12 min readAug 13, 2020

Great shout-out to Levi Thatcher for reviewing the post and providing feedback.

TL;DR: Through non-technical explanations of NLP techniques, this post aims to enable leaders, product managers, and whoever builds products to discover NLP opportunities in their business problems and become conversational about NLP.

Introduction

The field of Natural Language Processing (NLP) is growing extraordinarily fast and we use it every day without even noticing it. If your job is planning and building products there is a good chance that you can make it smarter by leveraging NLP. I agree that there is a lot of jargon and technical details that make NLP conversations less interesting for leaders and product managers, however, I believe for solving business problems it’s not necessary to have a deep knowledge about NLP. You can think of it as a toolkit that you don’t need to know how it works but you know how to use! Gaining some high level knowledge about NLP use cases will give you the ability to look at your projects from different angles and think differently. Also, it helps you to be conversational about NLP techniques which makes it easier to discuss your ideas with the data scientists in your team.

It is our mission at Pluralsight to “create data-first thinking across the organization”. This is my main motivation for writing this post because we want everybody — and not only data scientists or machine learning engineers — who is involved in the process of product building to have a high level knowledge about novel skills that can make products better. NLP definitely is one of those techniques.
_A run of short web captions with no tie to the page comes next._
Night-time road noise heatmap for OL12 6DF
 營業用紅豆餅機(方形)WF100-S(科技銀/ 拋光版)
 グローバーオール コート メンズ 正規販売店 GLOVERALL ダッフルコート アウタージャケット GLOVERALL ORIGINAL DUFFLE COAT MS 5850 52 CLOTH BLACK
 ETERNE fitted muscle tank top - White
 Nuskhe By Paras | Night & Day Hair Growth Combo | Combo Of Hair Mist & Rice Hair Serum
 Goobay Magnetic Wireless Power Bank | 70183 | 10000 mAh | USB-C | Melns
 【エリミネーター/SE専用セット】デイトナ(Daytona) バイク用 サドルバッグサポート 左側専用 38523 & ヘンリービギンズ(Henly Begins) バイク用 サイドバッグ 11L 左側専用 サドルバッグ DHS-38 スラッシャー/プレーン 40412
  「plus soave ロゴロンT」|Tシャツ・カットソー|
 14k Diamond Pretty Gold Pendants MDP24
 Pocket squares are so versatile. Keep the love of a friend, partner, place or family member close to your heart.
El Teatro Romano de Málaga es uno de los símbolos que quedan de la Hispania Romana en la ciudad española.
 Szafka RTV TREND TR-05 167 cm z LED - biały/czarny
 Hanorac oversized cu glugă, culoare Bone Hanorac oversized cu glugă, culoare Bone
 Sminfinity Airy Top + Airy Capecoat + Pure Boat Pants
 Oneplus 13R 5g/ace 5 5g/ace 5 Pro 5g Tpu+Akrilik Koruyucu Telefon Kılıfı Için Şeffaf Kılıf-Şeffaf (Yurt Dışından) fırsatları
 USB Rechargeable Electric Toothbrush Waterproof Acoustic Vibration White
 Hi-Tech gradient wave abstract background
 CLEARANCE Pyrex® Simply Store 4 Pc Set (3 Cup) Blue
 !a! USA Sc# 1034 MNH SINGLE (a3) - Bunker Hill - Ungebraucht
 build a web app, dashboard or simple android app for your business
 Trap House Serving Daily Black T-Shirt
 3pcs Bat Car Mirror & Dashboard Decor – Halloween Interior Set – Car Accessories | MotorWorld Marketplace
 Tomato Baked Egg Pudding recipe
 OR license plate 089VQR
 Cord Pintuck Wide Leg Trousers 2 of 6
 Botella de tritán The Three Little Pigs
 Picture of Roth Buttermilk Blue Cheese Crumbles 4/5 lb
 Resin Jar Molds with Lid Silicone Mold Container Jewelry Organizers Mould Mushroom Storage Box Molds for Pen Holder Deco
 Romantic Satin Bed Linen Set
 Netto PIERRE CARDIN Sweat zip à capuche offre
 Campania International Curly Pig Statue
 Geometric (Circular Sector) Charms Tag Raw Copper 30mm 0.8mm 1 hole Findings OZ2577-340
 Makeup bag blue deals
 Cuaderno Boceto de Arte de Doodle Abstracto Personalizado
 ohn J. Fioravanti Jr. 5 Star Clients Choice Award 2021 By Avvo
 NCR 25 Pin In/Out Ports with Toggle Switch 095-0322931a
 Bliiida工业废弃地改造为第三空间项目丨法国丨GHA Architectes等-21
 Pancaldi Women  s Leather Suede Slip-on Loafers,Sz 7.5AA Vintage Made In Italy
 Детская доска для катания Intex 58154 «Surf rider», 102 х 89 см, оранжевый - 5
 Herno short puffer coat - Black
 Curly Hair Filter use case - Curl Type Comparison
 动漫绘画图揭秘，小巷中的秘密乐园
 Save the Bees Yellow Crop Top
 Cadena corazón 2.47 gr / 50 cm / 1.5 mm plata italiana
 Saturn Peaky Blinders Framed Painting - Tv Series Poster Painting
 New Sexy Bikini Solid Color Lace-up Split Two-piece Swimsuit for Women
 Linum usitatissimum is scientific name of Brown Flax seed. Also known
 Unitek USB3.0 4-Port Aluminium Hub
Below are five categories that I have created only for the sake of organizing the topics. NLP use cases are very interdependent and it is hard to categorize them into groups without overlaps. So, you might disagree with these categories but that is okay. As long as you can remember them while brainstorming, you are good to go 😃.

NOTE: In this post (Part 1 of 2) I will cover the first two columns of the below table. In Part 2, we will go through the rest of topics in the table.

1. Classification and Clustering

Let’s start with two of the most common models: Classification and Clustering. You can think of a model in the Data Science world as a black box algorithm that gets input and returns some results. These algorithms/models are trained to predict something based on their inputs. Classification and Clustering models are very common approaches used in NLP. Clustering is a technique that allows you to group things together and in the NLP domain those things are text. So, if you have a lot of text like customer reviews, search queries, or tags and you are trying to organize them you can start with clustering. As you can see in this image, clustering over tags would help you to identify groups of tags that are semantically similar to each other.

You could also do hierarchical clustering over tags and this will help you to create a taxonomy! In one of the projects at Pluralsight, we used this method to create a simple taxonomy over our tags and you can see in the below image that the model was able to nicely cluster some of the Data Science and NLP libraries. Manual work might be needed afterwards to make sure the taxonomy is valid, but undoubtedly using hierarchical clustering is going to save you a lot of time.

Classification though is different from clustering as in classification you define some buckets in advance and then you ask the model to put things in those pre-defined buckets, however, in clustering the main task of the model is defining those buckets. For instance, if you want to cluster a bunch of emails, you run a clustering algorithm over those emails — in practice algorithms cannot run over text and emails should be converted to numbers, but for the sake of simplicity I just ignore it here — and in the result you get different clusters each of which contains emails about similar topics i.e. travel, job, conferences, and etc. However, in classification of emails first you should define some groups such as “spam” and “non-spam” and then ask the model to put the emails in each of these categories.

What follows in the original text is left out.